PROVIDED MATERIAL:
+---+

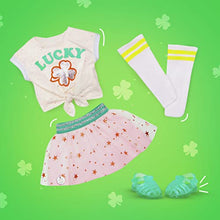 Load image into Gallery viewer, Glitter Girls Dolls by Battat – My Lucky Star Fashion Outfit (Green &amp; Pink) – 14-inch Doll Clothes and Accessories for Kids Ages 3 and Up – Children’s Toys (GG50138Z)
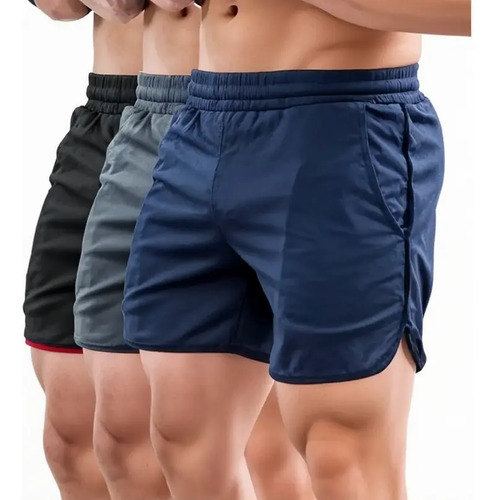 3pzs Short Deportivo Ejercicio Gym Cómodo Slim Fit Elástico | MercadoLibre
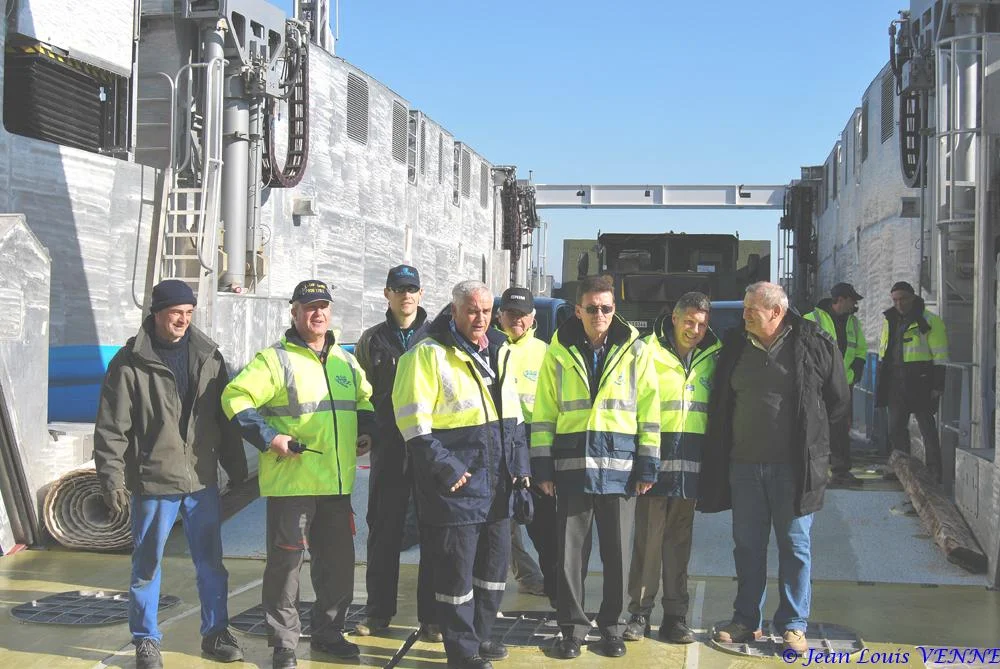 Premier plageage du L-CAT avec matériel roulant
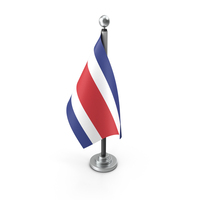Costa Rica Table Flag PNG & PSD Images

+---+

WHAT THE TASK REQUIRES: With pictures left out, repeat exactly the lines from the one containing "3pzs Short Deportivo" through the last line of the data above, inclusive, and nothing else.

TASK RESULT:
 3pzs Short Deportivo Ejercicio Gym Cómodo Slim Fit Elástico | MercadoLibre
 Premier plageage du L-CAT avec matériel roulant
Costa Rica Table Flag PNG & PSD Images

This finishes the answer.